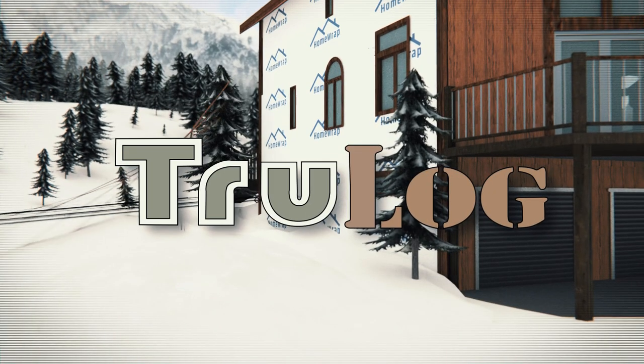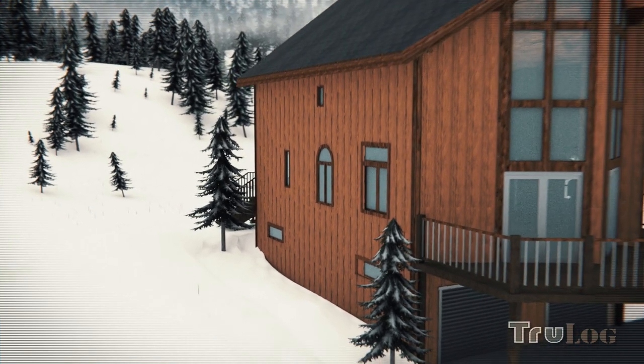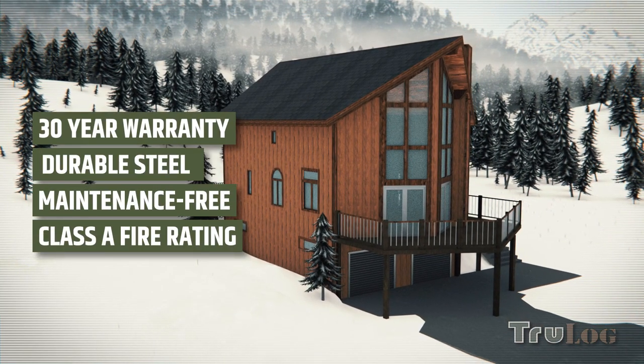What's the solution? Truelock — a maintenance-free steel siding that preserves the authentic cabin look while eliminating maintenance, saving you time and money.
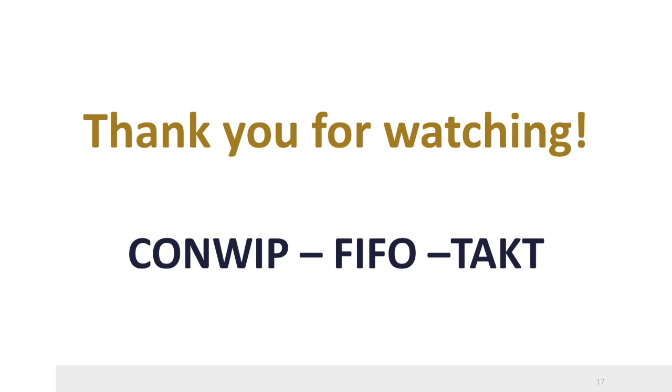Thank you for watching this video on the lean production control principles of CONWIP, FIFO, and TACT.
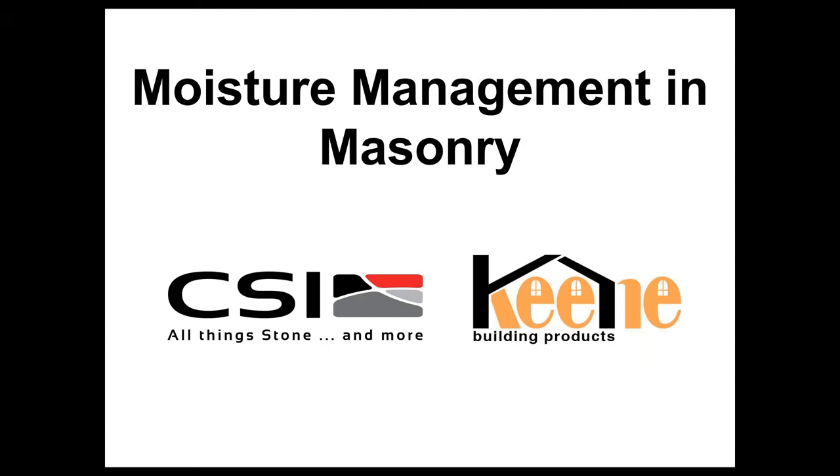Good morning and welcome everyone to CSI All Things Stones Moisture Management and Masonry. I'm Christopher Skriever, Technical Sales Representative from British Columbia. Thank you for making the time to join us. This presentation should run approximately 35-45 minutes. Your microphones will be inactive, but if you have questions, enter them in the text box and we'll get to as many as we can at the end.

────────

WHAT IS REQUIRED: The answer must be the full listing, word for word, with no images in it.

PROBLEM SOLUTION:
What's the solution? Truelock — a maintenance-free steel siding that preserves the authentic cabin look while eliminating maintenance, saving you time and money.
Thank you for watching this video on the lean production control principles of CONWIP, FIFO, and TACT.
Good morning and welcome everyone to CSI All Things Stones Moisture Management and Masonry. I'm Christopher Skriever, Technical Sales Representative from British Columbia. Thank you for making the time to join us. This presentation should run approximately 35-45 minutes. Your microphones will be inactive, but if you have questions, enter them in the text box and we'll get to as many as we can at the end.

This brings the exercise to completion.